在stackoverflow上找到同樣的問題:
根本原因如下:
This issue is caused because of different parquet conventions used in Hive and Spark. In Hive, the decimal datatype is represented as fixed bytes (INT 32). In Spark 1.4 or later the default convention is to use the Standard Parquet representation for decimal data type. As per the Standard Parquet representation based on the precision of the column datatype, the underlying representation changes.
eg: DECIMAL can be used to annotate the following types: int32: for 1 <= precision <= 9 int64: for 1 <= precision <= 18; precision < 10 will produce a warning
Hence this issue happens only with the usage of datatypes which have different representations in the different Parquet conventions. If the datatype is DECIMAL (10,3), both the conventions represent it as INT32, hence we won't face an issue.
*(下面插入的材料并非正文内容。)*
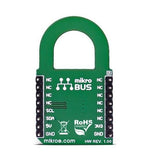 MikroElektronika Security Boards Secure click - MikroElektronika IoT Encryption Decryption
If you are not aware of the internal representation of the datatypes it is safe to use the same convention used for writing while reading. With Hive, you do not have the flexibility to choose the Parquet convention. But with Spark, you do.
Solution: The convention used by Spark to write Parquet data is configurable. This is determined by the property spark.sql.parquet.writeLegacyFormat The default value is false. If set to "true", Spark will use the same convention as Hive for writing the Parquet data. This will help to solve the issue.
所以嘗試調整參數 spark.sql.parquet.writeLegacyFormat = true,問題解決。
到spark2.3源代碼中查找該參數(spark.sql.parquet.writeLegacyFormat):
package org.apache.spark.sql.internal 中 關於sparksql的默認配置 SQLConf.scala中相關描述如下
val PARQUET_WRITE_LEGACY_FORMAT = buildConf("spark.sql.parquet.writeLegacyFormat") .doc("Whether to be compatible with the legacy Parquet format adopted by Spark 1.4 and prior " + "versions, when converting Parquet schema to Spark SQL schema and vice versa.") .booleanConf .createWithDefault(false)
可以看到默認值為false
在 package org.apache.spark.sql.execution.datasources.parquet 的關於ParquetWriteSupport.scala 的描述如下:
/** * A Parquet [[WriteSupport]] implementation that writes Catalyst [[InternalRow]]s as Parquet * messages. This class can write Parquet data in two modes: * * - Standard mode: Parquet data are written in standard format defined in parquet-format spec. * - Legacy mode: Parquet data are written in legacy format compatible with Spark 1.4 and prior. * * This behavior can be controlled by SQL option `spark.sql.parquet.writeLegacyFormat`. The value * of this option is propagated to this class by the `init()` method and its Hadoop configuration * argument. */